To claim under EIS, your expenses must fall into one of the five approved innovation categories:

  1. Research & Development (R&D):
    In-house or outsourced R&D efforts aimed at developing new products, processes, or technologies.
  2. Intellectual Property (IP) Registration:
    Legal costs and fees for filing patents, trademarks, or designs in Singapore or overseas.
  3. IP Acquisition and Licensing:
    Purchasing or licensing intellectual property that enables business innovation.
  4. Innovation Projects with IHLs / RIs:
    Collaborations with local Institutes of Higher Learning or public research institutions.
  5. Training in Innovation and Technology:
    Staff training programs in tech adoption, digital systems, or process improvement — provided they are accredited.

Tax Deduction or Cash Payout: Which Should You Choose?

  • If your business is profitable, the enhanced tax deduction reduces your taxable income and overall tax payable.
  • If you’re not yet profitable, the cash payout option gives you liquidity now — especially useful for early-stage businesses.

You can’t claim both for the same expense, so choose based on your current tax position and cash flow needs.

How to Maximize the EIS Without Stress

  1. Plan Ahead:
    Treat innovation activities like a core part of your business planning — not an afterthought.
  2. Track Every Expense:
    Maintain clear documentation, vendor contracts, invoices, and proof of execution.
  3. Use Recognised Providers:
    For training and partnerships, make sure the institutions or platforms are approved by IRAS.
  4. Work Cross-Functionally:
    Coordinate between your operations, HR, and finance teams so eligible projects aren’t overlooked.
  5. File Accurately and On Time:
    Claims must be submitted with your tax return and follow IRAS documentation requirements.

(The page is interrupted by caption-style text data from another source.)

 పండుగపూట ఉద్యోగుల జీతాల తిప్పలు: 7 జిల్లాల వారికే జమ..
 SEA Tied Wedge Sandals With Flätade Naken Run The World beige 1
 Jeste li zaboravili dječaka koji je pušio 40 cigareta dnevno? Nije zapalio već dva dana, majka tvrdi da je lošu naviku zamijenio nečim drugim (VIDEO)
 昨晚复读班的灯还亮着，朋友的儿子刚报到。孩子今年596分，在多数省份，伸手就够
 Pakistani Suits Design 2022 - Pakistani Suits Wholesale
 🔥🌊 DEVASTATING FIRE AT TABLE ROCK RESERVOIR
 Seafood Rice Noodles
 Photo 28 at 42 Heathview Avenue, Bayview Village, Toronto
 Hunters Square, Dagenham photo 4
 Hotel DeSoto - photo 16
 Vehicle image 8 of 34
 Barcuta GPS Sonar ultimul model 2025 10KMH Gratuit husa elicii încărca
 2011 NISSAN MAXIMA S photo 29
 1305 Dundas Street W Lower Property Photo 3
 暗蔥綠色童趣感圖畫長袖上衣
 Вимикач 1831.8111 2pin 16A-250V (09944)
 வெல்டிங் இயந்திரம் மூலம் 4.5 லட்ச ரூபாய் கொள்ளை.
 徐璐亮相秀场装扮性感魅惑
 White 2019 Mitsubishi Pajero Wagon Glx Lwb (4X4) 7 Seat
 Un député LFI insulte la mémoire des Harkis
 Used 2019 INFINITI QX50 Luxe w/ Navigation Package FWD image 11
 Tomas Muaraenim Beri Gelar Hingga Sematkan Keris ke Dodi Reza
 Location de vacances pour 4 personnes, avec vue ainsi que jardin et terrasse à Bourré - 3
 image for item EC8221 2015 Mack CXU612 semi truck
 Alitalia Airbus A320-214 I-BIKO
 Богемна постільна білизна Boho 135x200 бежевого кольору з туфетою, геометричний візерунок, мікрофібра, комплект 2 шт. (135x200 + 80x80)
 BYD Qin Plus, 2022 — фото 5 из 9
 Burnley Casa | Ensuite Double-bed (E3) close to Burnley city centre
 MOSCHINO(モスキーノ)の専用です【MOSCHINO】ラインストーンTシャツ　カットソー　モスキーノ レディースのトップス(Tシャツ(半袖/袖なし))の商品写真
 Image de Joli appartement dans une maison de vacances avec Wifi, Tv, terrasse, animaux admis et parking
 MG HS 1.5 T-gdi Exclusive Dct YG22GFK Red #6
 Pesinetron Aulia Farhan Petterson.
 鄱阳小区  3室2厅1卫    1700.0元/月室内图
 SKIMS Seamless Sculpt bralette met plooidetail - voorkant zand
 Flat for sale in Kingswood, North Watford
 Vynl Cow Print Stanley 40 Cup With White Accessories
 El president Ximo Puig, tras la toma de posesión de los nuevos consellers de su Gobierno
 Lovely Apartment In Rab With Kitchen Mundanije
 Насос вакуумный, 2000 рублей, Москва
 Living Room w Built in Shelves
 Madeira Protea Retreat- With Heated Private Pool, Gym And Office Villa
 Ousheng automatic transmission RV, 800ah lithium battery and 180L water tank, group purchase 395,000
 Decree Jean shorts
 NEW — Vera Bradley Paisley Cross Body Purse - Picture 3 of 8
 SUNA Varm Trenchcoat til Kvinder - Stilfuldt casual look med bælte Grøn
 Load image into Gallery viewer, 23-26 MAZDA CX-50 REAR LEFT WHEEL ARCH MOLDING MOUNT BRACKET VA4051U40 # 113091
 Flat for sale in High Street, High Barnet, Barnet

Errors or omissions can delay or void your benefits.

What’s New in 2025?

As of YA 2025, the EIS continues to offer:

  • Up to 400% tax deduction on qualifying expenditures
  • 20% cash conversion capped at $100,000 per YA
  • Expanded recognition of partnerships and tech adoption activities, with clearer filing guidance for SMEs

This makes 2025 an ideal year to tap into the scheme — especially if you’re upgrading processes, digitising operations, or launching new product development.

Summary

The Enterprise Innovation Scheme is more than a tax break — it’s a smart financial lever for growing businesses in Singapore. If you’re already investing in tech, training, or process improvement, there’s no reason to leave this support on the table.

With good planning, clear documentation, and timely filing, EIS can be a powerful tool to boost your bottom line — while building long-term competitiveness.